*** Block opens ***

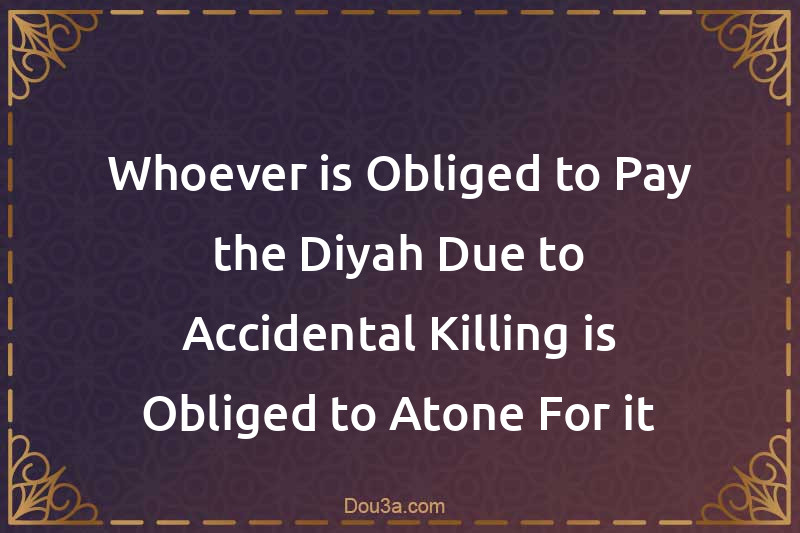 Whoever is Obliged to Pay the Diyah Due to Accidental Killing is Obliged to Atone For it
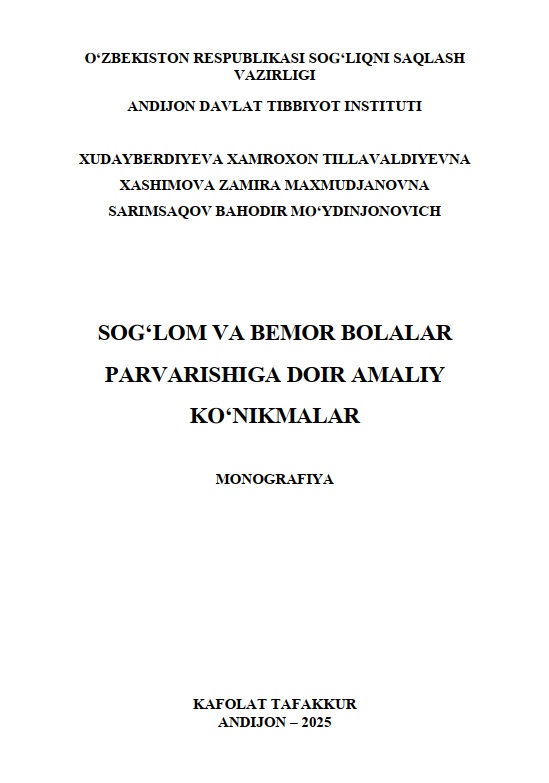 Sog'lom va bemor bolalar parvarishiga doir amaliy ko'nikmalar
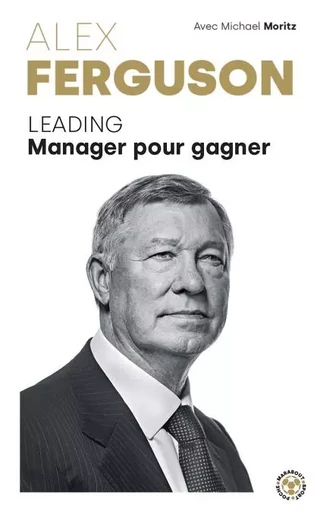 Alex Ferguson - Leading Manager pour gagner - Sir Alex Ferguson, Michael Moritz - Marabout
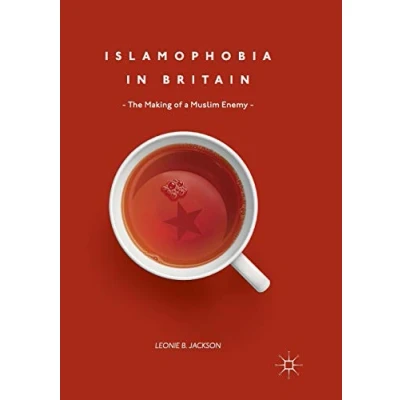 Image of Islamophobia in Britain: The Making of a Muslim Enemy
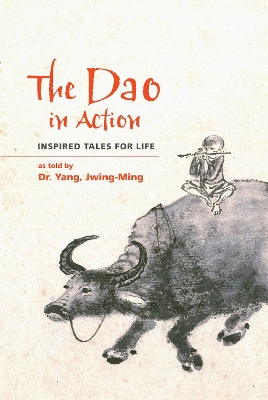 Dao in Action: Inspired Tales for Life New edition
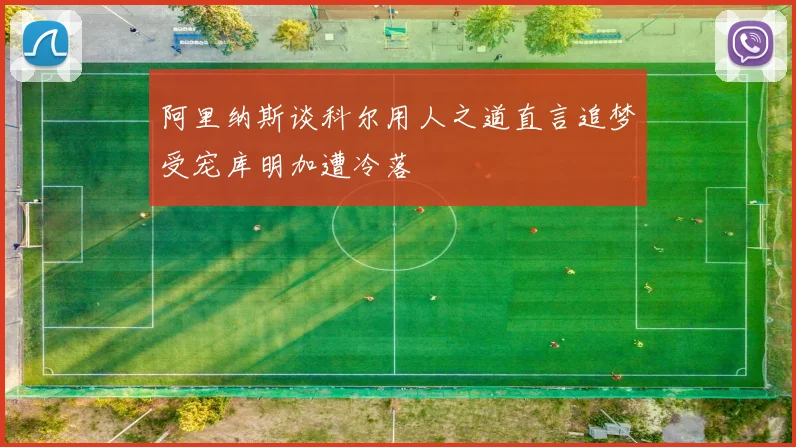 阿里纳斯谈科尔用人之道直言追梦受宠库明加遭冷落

*** Block closes ***

> [How to complete this task]: Beginning with the line that holds "Alex Ferguson - Leading", extract every line to the end of the material, exactly as it stands, and drop the pictures.

> [Expected output]:
 Alex Ferguson - Leading Manager pour gagner - Sir Alex Ferguson, Michael Moritz - Marabout
 Image of Islamophobia in Britain: The Making of a Muslim Enemy
 Dao in Action: Inspired Tales for Life New edition
 阿里纳斯谈科尔用人之道直言追梦受宠库明加遭冷落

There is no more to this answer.